* **ACTIVITY**: Omit the pictures and return exactly the stretch of the material below from the line with "Angle View of" through the line with "American baseball games".

* **INFORMATION SHOWN**:
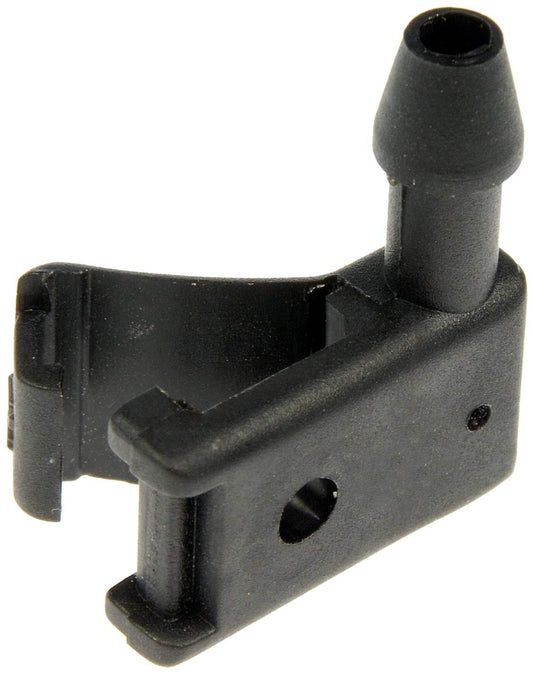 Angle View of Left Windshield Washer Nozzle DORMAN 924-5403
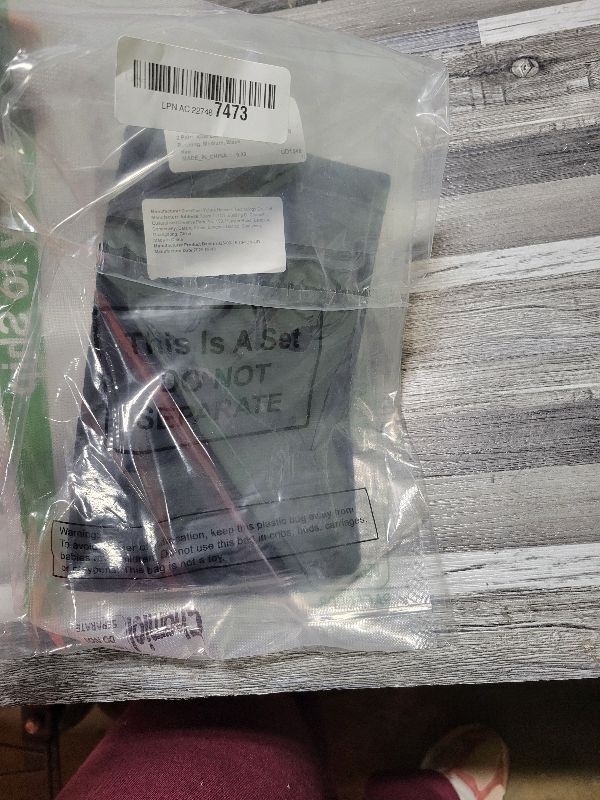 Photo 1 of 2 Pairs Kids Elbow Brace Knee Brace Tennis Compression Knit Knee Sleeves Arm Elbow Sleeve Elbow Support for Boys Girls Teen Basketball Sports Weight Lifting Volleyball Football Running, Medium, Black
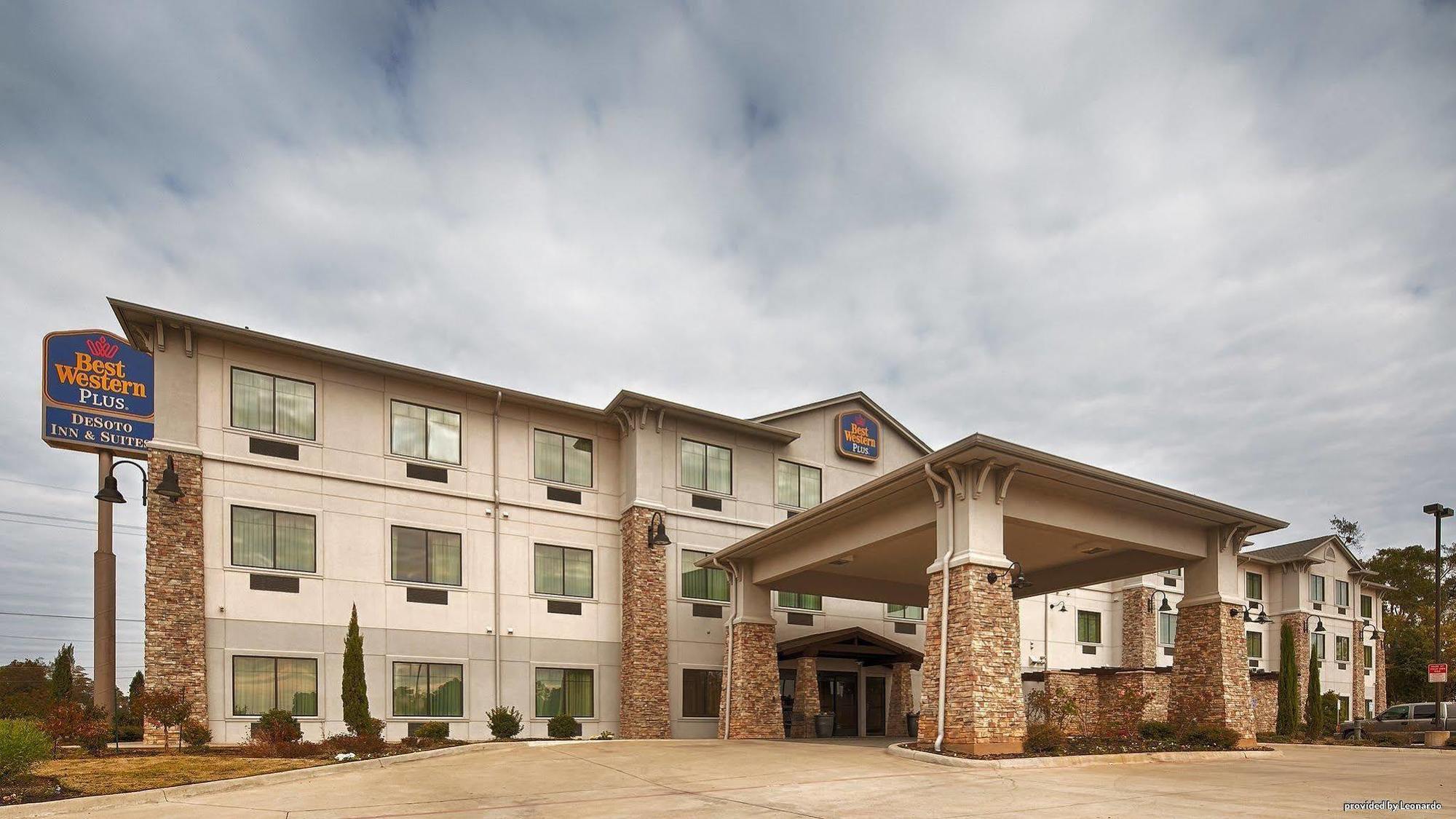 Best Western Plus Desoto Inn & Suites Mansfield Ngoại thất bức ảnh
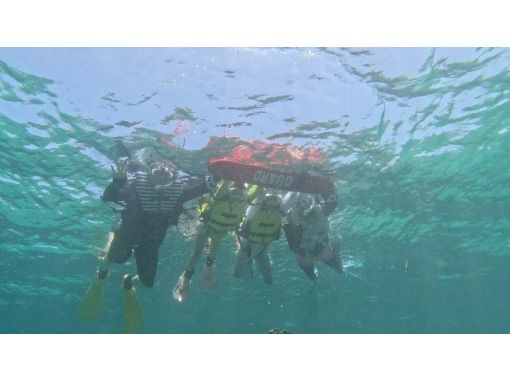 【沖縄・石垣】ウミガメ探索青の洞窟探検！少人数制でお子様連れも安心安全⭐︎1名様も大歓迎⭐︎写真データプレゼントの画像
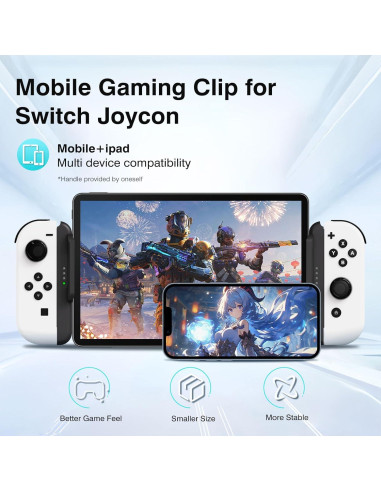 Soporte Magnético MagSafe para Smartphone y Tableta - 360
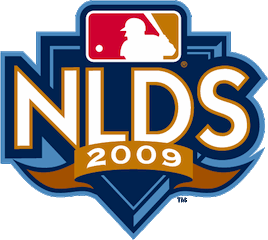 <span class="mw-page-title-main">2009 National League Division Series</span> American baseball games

...

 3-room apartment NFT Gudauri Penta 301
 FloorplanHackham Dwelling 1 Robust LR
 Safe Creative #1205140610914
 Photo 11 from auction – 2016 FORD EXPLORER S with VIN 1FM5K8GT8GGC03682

* **SOLUTION TO THIS EXERCISE**:
 Angle View of Left Windshield Washer Nozzle DORMAN 924-5403
 Photo 1 of 2 Pairs Kids Elbow Brace Knee Brace Tennis Compression Knit Knee Sleeves Arm Elbow Sleeve Elbow Support for Boys Girls Teen Basketball Sports Weight Lifting Volleyball Football Running, Medium, Black
 Best Western Plus Desoto Inn & Suites Mansfield Ngoại thất bức ảnh
 【沖縄・石垣】ウミガメ探索青の洞窟探検！少人数制でお子様連れも安心安全⭐︎1名様も大歓迎⭐︎写真データプレゼントの画像
 Soporte Magnético MagSafe para Smartphone y Tableta - 360
 <span class="mw-page-title-main">2009 National League Division Series</span> American baseball games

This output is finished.